Looking beyond a single language, or to non-linguistic forms of data, can yield new insights into linguistic representation and use in language models. This talk will explore this theme in two threads: Firstly, what can we learn from passing non-linguistic data through language models? From natural modalities like music to controlled synthetic parentheses languages, we can use datasets with different underlying structures to explore knowledge in language model transfer learning. Knowing the structures in this data lets us understand if and how different features are acquired and generalized in language model training. Secondly, we will look at how typologically-aware analysis can help us understand joint multilingual representation in language models, with experiments that focus on agenthood and case in different languages in multilingual models. The typological diversity of agenthood gives us a handle into understanding how representations can be shared and also separated between languages. Examining language models at the points where diverse data differs – and systematically knowing the ways in which data differs – offers a useful window into how linguistic knowledge is represented in language models.
✻ Databases and Corpora ✻
By Qingxia Guo, Nathaniel Imel and Shane Steinert-Threlkeld
This paper introduces a database for crosslinguistic modal semantics. The purpose of this database is to (1) enable ongoing consolidation of modal semantic typological knowledge into a repository according to uniform data standards and to (2) provide data for investigations in crosslinguistic modal semantic theory and experiments explaining such theories. We describe the kind of semantic variation that the database aims to record, the format of the data, and a current snapshot of the database, emphasizing access and contribution to the database in light of the goals above. We release the database at https://clmbr.shane.st/modal-typology.

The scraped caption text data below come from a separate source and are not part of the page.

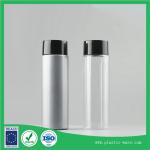 PET black white cosmetic packing with lid plastic lotion bottles emulsion bottle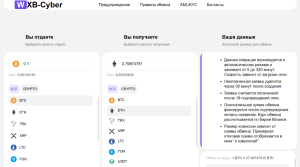Мошеннический обменник WXB-Cyber (wxbcyber.com) Отзывы и возврат денег!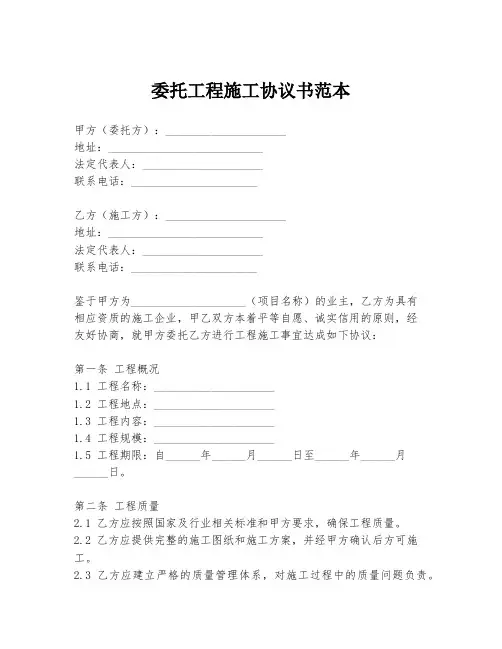 委托工程施工协议书范本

By Chiara Zanchi, Silvia Luraghi and Claudia Roberta Combei
This paper describes an ongoing endeavor to construct Pavia Verbs Database (PaVeDa), 2013 an open-access typological resource that builds upon previous work on verb argument structure, in particular the Valency Patterns Leipzig (ValPaL) project (Hartmann et al., 2013). The PaVeDa database features four major innovations as compared to the ValPaL database: (i) it includes data from ancient languages enabling diachronic research; (ii) it expands the language sample to language families that are not represented in the ValPaL; (iii) it is linked to external corpora that are used as sources of usage-based examples of stored patterns; (iv) it introduces a new cross-linguistic layer of annotation for valency patterns which allows for contrastive data visualization.

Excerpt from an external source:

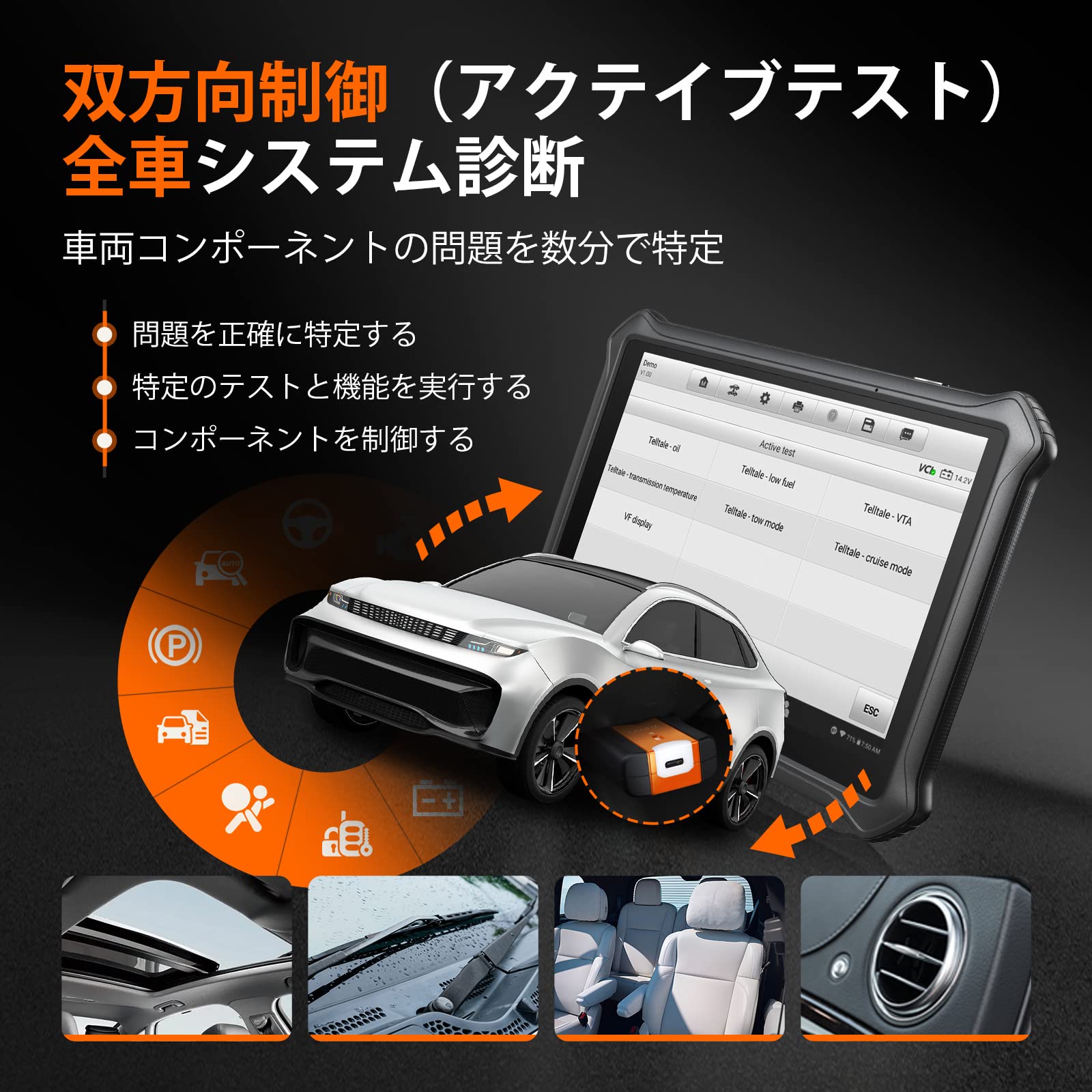 Amazon.co.jp: OTOFIX D1 OBD2診断機 日本語対応 ECUコーディング&VAG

By Jonne Sälevä and Constantine Lignos
We present ParaNames, a Wikidata-derived multilingual parallel name resource consisting of names for approximately 14 million entities spanning over 400 languages. ParaNames is useful for multilingual language processing, both in defining tasks for name translation tasks and as supplementary data for other tasks. We demonstrate an application of ParaNames by training a multilingual model for canonical name translation to and from English.
By SIGTYP2022 Organizing Committee
Best Paper Award, Closing Remarks, and Future SIGTYP Events Announcement!